## TASK DIRECTIONS
In which lines of the data does the string "Limited" appear? Copy every one.

## INFORMATION PROVIDED

══════════

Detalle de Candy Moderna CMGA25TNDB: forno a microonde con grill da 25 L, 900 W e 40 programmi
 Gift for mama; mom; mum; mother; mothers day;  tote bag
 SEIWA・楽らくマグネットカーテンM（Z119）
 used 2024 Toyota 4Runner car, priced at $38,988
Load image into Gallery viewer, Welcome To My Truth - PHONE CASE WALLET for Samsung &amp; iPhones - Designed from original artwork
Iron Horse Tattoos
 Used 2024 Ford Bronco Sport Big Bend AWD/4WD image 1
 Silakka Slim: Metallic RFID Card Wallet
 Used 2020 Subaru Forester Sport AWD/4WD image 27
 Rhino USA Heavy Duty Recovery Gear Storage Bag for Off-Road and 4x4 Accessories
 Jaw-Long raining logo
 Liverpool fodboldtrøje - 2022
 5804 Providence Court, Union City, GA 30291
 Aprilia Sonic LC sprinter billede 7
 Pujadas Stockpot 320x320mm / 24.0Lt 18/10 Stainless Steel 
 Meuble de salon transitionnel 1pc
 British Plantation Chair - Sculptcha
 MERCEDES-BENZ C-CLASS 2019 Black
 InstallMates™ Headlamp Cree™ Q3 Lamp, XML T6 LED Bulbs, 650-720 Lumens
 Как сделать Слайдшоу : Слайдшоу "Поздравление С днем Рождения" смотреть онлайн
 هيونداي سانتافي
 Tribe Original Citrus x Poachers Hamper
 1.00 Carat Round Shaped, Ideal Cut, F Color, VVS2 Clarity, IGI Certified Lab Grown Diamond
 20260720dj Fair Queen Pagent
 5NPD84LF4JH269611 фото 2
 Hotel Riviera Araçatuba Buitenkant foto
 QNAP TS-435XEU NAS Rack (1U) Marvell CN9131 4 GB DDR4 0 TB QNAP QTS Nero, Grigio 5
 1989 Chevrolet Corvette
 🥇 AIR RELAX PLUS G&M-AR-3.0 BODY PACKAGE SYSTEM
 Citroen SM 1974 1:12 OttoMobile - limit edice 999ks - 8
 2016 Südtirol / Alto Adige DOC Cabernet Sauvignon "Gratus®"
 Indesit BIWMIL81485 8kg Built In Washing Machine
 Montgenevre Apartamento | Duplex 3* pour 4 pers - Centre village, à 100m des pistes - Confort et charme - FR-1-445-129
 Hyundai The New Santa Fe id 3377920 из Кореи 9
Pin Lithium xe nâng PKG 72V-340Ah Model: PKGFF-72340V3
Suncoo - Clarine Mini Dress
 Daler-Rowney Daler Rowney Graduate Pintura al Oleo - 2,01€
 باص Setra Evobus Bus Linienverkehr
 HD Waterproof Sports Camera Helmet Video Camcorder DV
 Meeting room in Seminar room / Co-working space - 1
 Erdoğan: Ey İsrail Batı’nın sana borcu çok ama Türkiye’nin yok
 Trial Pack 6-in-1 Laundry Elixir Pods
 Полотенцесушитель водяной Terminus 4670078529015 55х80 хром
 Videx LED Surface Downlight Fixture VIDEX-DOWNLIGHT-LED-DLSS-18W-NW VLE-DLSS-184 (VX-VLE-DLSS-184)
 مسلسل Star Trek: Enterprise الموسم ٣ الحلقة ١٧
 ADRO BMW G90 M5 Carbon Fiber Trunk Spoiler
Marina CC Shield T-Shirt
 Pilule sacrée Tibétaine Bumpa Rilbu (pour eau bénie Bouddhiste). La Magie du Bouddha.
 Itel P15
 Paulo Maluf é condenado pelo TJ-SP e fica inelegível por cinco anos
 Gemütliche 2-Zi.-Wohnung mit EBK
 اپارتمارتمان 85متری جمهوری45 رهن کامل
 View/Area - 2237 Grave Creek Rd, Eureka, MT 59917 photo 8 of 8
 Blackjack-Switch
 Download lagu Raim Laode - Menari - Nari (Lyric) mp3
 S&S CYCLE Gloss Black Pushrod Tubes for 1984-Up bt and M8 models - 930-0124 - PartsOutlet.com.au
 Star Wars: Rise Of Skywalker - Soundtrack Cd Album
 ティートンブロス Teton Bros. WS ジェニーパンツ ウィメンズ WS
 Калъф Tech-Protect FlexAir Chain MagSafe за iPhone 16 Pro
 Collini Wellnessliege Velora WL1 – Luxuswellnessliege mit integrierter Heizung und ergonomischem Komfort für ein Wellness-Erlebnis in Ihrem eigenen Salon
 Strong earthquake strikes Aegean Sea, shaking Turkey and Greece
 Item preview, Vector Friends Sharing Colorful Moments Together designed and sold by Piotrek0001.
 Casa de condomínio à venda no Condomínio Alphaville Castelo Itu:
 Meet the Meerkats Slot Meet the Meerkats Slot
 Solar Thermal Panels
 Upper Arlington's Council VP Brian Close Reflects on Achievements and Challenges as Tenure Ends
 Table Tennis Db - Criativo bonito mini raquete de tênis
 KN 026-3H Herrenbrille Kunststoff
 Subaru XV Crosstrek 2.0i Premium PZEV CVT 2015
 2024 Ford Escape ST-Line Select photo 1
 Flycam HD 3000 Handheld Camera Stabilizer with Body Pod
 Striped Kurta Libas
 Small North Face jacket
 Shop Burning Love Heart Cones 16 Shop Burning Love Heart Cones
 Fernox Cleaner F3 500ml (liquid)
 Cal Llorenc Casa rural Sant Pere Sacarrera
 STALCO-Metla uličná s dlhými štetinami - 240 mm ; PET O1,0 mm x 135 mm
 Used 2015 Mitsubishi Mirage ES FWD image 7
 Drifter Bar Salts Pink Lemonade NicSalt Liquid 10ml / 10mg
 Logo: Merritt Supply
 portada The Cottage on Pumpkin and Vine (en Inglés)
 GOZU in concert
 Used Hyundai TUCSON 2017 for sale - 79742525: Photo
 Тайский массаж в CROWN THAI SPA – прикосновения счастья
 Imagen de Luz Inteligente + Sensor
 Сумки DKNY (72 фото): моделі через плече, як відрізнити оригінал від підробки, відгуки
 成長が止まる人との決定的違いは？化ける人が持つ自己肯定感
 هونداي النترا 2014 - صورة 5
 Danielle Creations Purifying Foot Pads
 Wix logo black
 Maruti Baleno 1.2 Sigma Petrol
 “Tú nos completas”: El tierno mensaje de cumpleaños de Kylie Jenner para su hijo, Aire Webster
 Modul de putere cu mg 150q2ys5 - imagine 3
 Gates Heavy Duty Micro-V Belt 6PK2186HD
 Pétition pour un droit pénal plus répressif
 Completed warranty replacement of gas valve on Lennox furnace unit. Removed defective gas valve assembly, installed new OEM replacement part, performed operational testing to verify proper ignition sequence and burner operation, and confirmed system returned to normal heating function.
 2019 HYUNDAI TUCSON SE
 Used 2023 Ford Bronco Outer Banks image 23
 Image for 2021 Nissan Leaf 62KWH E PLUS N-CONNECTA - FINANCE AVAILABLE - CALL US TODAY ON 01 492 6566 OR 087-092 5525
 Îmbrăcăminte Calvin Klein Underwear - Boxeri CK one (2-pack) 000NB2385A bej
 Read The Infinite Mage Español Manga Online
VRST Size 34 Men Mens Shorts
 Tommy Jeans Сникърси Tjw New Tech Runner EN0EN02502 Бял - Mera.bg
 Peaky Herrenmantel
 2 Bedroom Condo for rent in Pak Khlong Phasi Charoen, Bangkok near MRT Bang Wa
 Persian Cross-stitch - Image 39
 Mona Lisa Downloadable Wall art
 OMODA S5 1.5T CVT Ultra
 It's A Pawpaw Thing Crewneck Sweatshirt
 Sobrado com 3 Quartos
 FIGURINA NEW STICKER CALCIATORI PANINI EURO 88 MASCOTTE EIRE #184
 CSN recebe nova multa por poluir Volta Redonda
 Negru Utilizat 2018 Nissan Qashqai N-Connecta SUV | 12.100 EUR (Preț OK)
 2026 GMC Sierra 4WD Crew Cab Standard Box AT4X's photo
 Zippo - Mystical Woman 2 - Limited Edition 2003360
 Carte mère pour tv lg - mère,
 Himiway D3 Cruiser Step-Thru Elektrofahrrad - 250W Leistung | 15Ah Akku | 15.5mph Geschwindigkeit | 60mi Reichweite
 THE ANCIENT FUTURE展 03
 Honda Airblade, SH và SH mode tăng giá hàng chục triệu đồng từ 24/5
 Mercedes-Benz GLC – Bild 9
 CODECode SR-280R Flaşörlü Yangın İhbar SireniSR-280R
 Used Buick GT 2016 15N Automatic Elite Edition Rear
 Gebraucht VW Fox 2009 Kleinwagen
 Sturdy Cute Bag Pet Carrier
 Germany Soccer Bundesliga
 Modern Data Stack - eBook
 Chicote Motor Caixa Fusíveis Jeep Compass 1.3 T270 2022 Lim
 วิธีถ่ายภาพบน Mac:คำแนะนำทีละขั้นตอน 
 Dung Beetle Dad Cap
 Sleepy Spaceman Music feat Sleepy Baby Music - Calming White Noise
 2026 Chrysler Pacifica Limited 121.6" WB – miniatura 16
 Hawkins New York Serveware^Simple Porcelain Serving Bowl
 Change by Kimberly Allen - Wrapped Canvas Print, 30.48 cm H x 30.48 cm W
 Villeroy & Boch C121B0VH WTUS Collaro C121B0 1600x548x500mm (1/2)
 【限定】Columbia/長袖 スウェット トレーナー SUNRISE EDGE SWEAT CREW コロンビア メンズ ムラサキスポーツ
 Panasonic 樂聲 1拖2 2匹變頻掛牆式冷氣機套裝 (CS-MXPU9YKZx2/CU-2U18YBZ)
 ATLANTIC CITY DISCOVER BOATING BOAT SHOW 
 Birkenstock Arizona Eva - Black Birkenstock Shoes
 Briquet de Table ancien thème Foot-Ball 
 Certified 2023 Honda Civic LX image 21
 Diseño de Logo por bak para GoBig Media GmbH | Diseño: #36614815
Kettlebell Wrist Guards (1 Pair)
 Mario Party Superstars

══════════

## TASK RESPONSE
 Zippo - Mystical Woman 2 - Limited Edition 2003360
 2026 Chrysler Pacifica Limited 121.6" WB – miniatura 16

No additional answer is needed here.